* _DATA BELOW_:

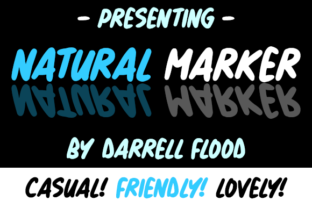 Natural Marker Font Review: A Handwritten Typeface for Creative Branding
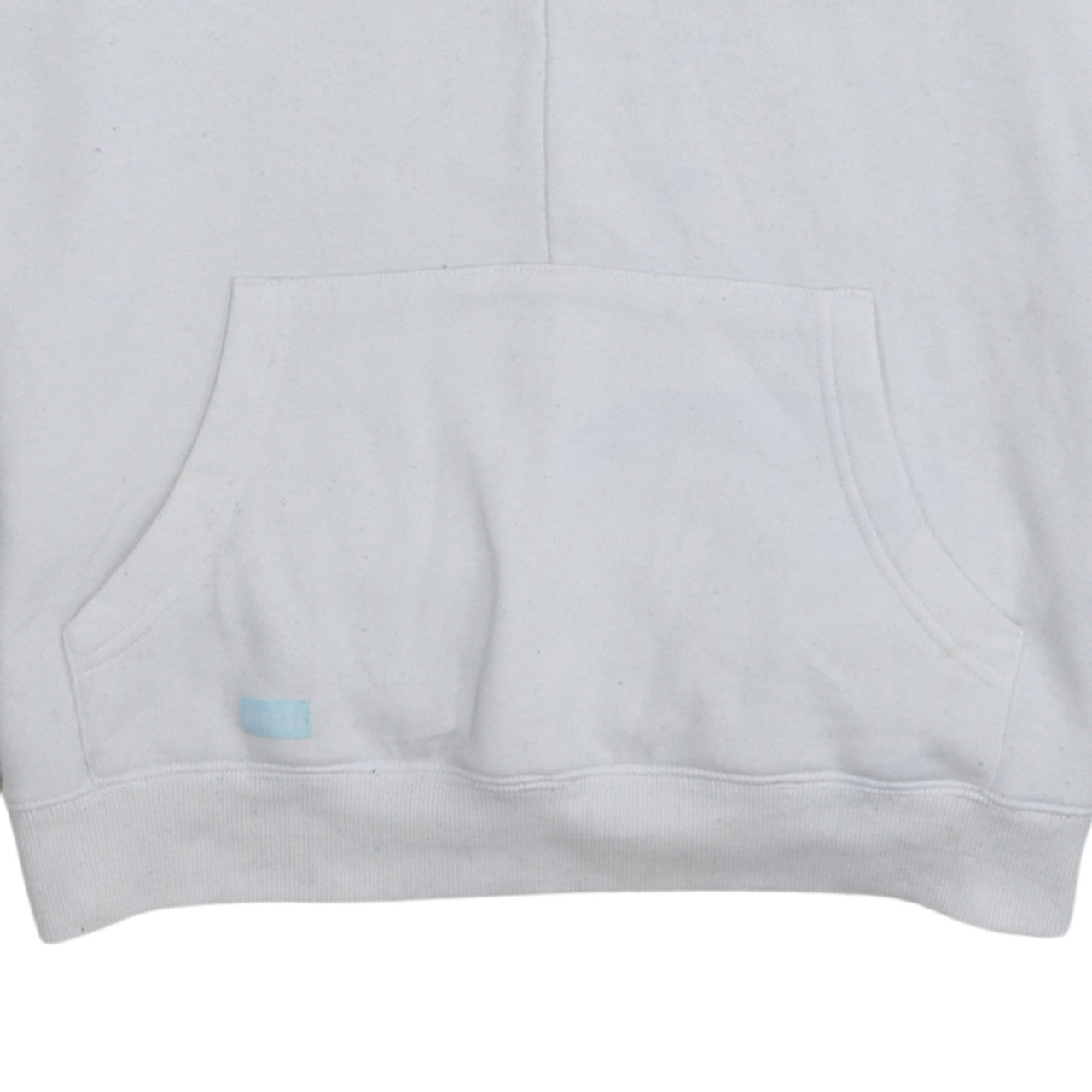 Diesel Men’s White Pullover Hoodie L Logo Fleece Sweatshirt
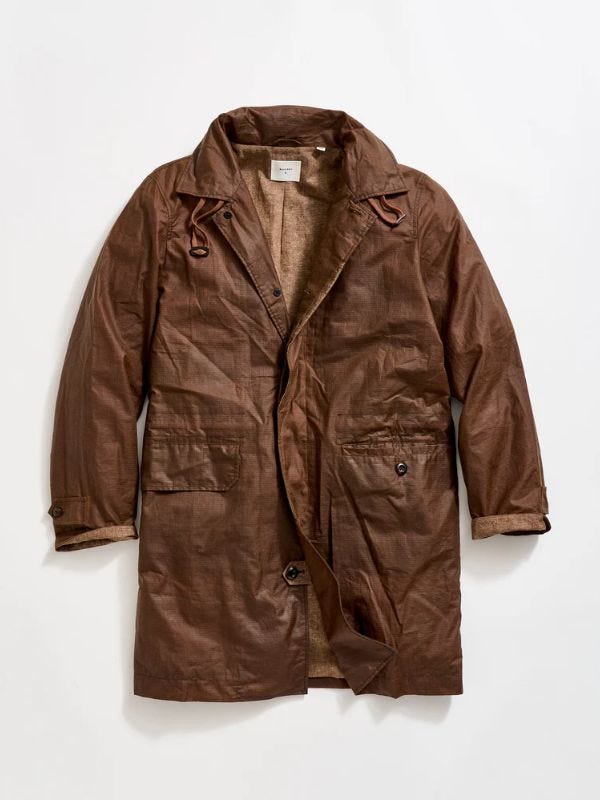 brown waxed jacket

* _PROMPT_: What you produce must match the listing word for word, with no images in it.

* _WRITTEN RESPONSE_:
 Natural Marker Font Review: A Handwritten Typeface for Creative Branding
 Diesel Men’s White Pullover Hoodie L Logo Fleece Sweatshirt
 brown waxed jacket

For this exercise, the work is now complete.